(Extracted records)
===============

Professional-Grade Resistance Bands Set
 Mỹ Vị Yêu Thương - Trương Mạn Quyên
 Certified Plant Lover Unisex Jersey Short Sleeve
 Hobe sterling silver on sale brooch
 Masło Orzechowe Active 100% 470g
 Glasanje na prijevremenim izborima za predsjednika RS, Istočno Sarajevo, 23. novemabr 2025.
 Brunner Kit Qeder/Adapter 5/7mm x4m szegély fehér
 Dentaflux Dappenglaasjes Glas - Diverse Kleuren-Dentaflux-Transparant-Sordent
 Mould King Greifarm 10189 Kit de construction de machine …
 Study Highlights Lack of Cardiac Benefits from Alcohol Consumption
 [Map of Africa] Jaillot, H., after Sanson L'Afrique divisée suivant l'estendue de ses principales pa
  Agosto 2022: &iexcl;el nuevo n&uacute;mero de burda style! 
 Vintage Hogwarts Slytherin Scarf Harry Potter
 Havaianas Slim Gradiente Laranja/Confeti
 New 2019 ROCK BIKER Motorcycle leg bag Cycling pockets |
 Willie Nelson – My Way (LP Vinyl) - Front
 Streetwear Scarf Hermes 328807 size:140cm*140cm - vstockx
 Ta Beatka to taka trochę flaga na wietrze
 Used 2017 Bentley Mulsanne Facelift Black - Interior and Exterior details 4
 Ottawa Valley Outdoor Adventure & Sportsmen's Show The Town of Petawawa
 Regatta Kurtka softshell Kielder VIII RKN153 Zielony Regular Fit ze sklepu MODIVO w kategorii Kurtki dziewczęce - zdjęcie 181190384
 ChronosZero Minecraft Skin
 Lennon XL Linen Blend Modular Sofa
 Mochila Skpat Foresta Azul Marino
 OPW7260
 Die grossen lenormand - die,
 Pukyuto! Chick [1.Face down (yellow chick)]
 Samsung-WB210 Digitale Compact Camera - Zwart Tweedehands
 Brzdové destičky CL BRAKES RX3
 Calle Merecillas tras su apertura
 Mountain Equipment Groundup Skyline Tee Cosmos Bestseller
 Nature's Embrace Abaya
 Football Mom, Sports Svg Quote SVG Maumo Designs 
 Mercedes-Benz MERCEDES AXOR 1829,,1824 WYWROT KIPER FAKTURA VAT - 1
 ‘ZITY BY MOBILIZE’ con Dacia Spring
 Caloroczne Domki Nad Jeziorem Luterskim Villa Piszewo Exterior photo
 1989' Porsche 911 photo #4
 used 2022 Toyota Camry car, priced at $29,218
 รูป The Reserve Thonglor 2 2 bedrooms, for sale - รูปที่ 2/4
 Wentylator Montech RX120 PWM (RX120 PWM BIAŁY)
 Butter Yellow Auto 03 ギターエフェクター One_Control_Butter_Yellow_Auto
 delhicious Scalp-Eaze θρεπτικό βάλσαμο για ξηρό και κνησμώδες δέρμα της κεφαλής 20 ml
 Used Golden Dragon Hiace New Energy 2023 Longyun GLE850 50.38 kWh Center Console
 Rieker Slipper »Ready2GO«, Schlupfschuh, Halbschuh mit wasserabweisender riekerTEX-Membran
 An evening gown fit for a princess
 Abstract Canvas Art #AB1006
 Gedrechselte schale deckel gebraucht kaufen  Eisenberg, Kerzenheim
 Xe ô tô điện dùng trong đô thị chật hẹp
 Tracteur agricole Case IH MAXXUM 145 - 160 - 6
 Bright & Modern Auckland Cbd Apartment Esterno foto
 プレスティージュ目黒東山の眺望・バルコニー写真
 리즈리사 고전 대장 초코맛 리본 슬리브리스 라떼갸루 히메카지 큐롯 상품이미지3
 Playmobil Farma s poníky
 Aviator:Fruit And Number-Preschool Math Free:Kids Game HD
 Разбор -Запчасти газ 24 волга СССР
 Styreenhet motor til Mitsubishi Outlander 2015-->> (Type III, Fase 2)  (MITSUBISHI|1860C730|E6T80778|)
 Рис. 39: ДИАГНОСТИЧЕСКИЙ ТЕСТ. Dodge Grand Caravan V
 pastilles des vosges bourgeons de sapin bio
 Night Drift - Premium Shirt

===============

Requirement:
Word for word, restate the lines above from the line containing "Vintage Hogwarts Slytherin" through the line containing "รูป The Reserve", with both included and nothing else.

Reply:
 Vintage Hogwarts Slytherin Scarf Harry Potter
 Havaianas Slim Gradiente Laranja/Confeti
 New 2019 ROCK BIKER Motorcycle leg bag Cycling pockets |
 Willie Nelson – My Way (LP Vinyl) - Front
 Streetwear Scarf Hermes 328807 size:140cm*140cm - vstockx
 Ta Beatka to taka trochę flaga na wietrze
 Used 2017 Bentley Mulsanne Facelift Black - Interior and Exterior details 4
 Ottawa Valley Outdoor Adventure & Sportsmen's Show The Town of Petawawa
 Regatta Kurtka softshell Kielder VIII RKN153 Zielony Regular Fit ze sklepu MODIVO w kategorii Kurtki dziewczęce - zdjęcie 181190384
 ChronosZero Minecraft Skin
 Lennon XL Linen Blend Modular Sofa
 Mochila Skpat Foresta Azul Marino
 OPW7260
 Die grossen lenormand - die,
 Pukyuto! Chick [1.Face down (yellow chick)]
 Samsung-WB210 Digitale Compact Camera - Zwart Tweedehands
 Brzdové destičky CL BRAKES RX3
 Calle Merecillas tras su apertura
 Mountain Equipment Groundup Skyline Tee Cosmos Bestseller
 Nature's Embrace Abaya
 Football Mom, Sports Svg Quote SVG Maumo Designs 
 Mercedes-Benz MERCEDES AXOR 1829,,1824 WYWROT KIPER FAKTURA VAT - 1
 ‘ZITY BY MOBILIZE’ con Dacia Spring
 Caloroczne Domki Nad Jeziorem Luterskim Villa Piszewo Exterior photo
 1989' Porsche 911 photo #4
 used 2022 Toyota Camry car, priced at $29,218
 รูป The Reserve Thonglor 2 2 bedrooms, for sale - รูปที่ 2/4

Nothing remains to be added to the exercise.